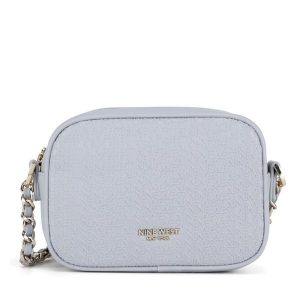 Torebka Nine West. Niebieskie listonoszki Nine West, bez wzorów, bez dodatków. Za 159,99 zł.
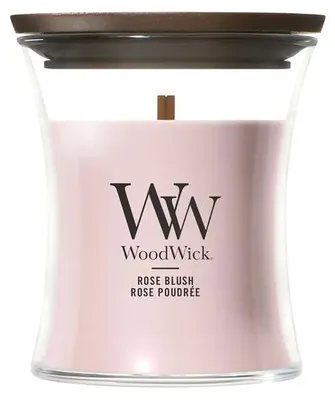 Image de WoodWick Rose Blush - Bougies parfumées "Rose Blush"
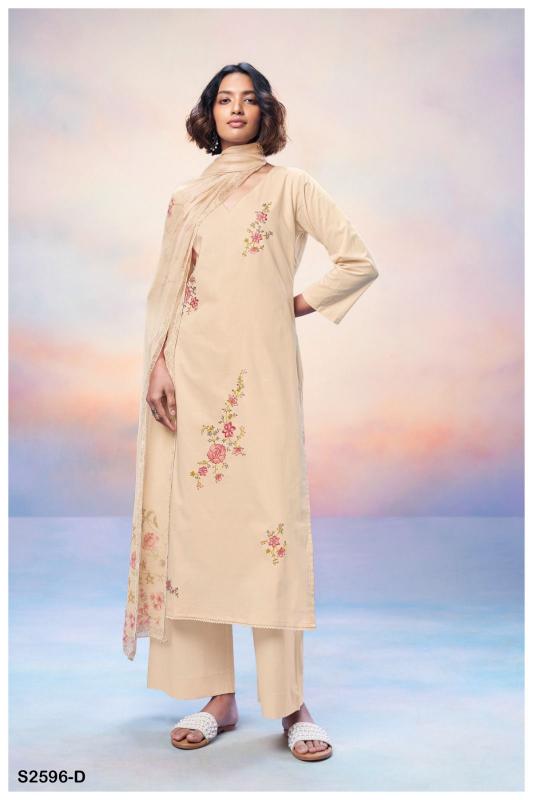 GANGA NUHAA 2596 Dress Materials Wholesale catalog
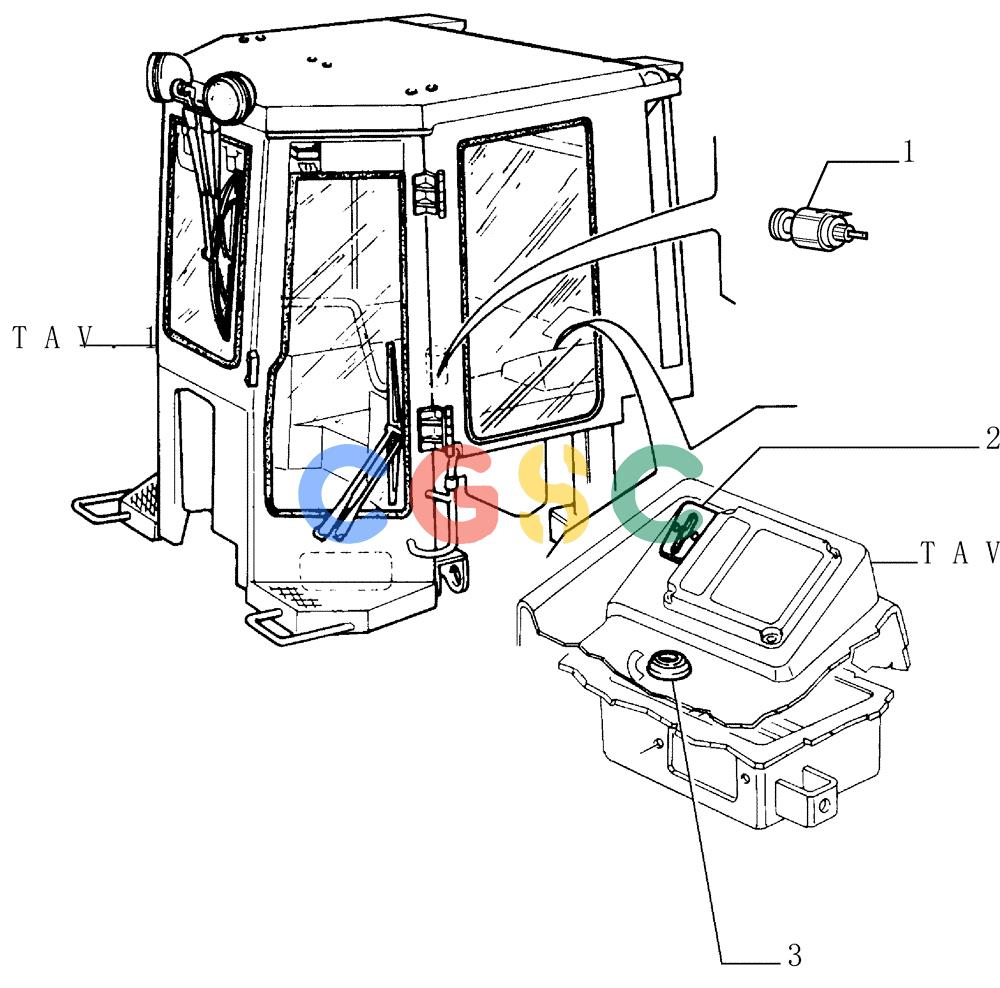 纽荷兰零件查询(FD145) - CRAWLER DOZER (N.A. VERSION) (10/98-) (5.652[04]) - ROPS CAB - COMPONENTS New Holland Constructuion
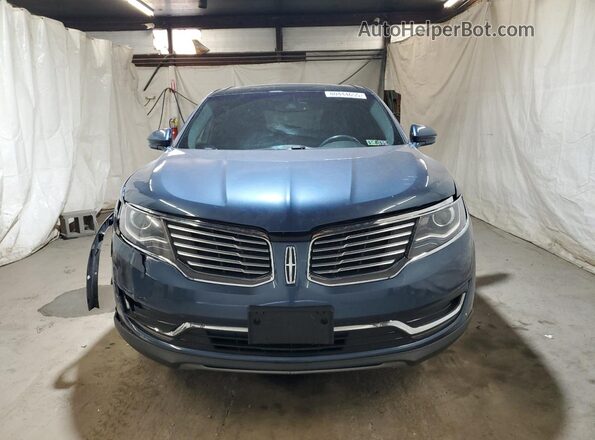 2LMPJ8LRXJBL29907 2018 LINCOLN MKX Синий Вид спереди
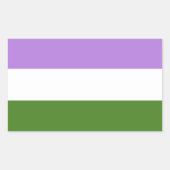 Genderqueer Pride Flag Rechteckiger Aufkleber (Vorderseite)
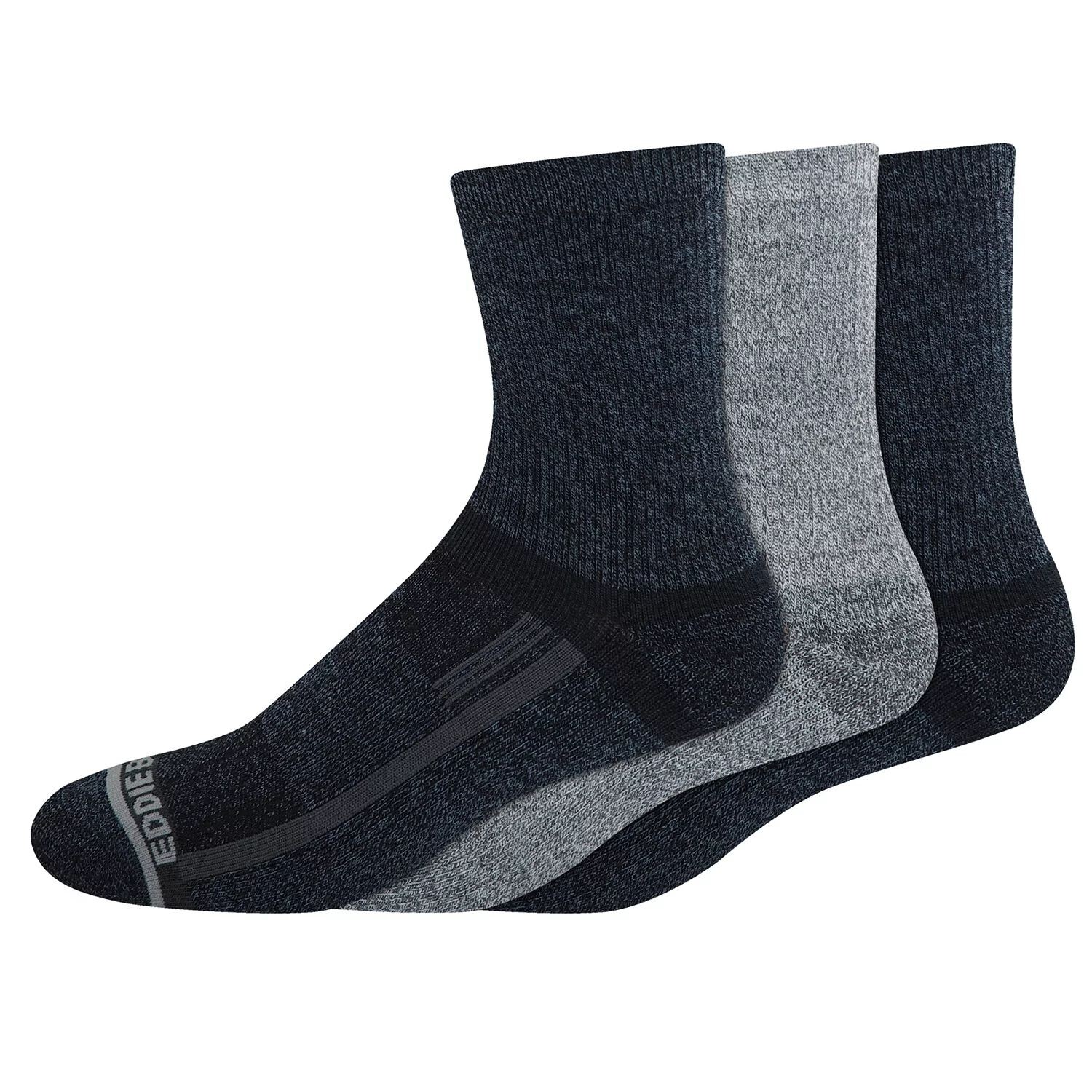 

Мужские носки Eddie Bauer Performance Hiking Crew, 3 пары носков, Черный, Мужские носки Eddie Bauer Performance Hiking Crew, 3 пары носков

YOUR OBJECTIVE: Pictures stay out of the copy, while everything else in the records above goes in exactly as written.

ANSWER TO THIS EXERCISE:
 Torebka Nine West. Niebieskie listonoszki Nine West, bez wzorów, bez dodatków. Za 159,99 zł.
 Image de WoodWick Rose Blush - Bougies parfumées "Rose Blush"
 GANGA NUHAA 2596 Dress Materials Wholesale catalog
 纽荷兰零件查询(FD145) - CRAWLER DOZER (N.A. VERSION) (10/98-) (5.652[04]) - ROPS CAB - COMPONENTS New Holland Constructuion
 2LMPJ8LRXJBL29907 2018 LINCOLN MKX Синий Вид спереди
 Genderqueer Pride Flag Rechteckiger Aufkleber (Vorderseite)

Мужские носки Eddie Bauer Performance Hiking Crew, 3 пары носков, Черный, Мужские носки Eddie Bauer Performance Hiking Crew, 3 пары носков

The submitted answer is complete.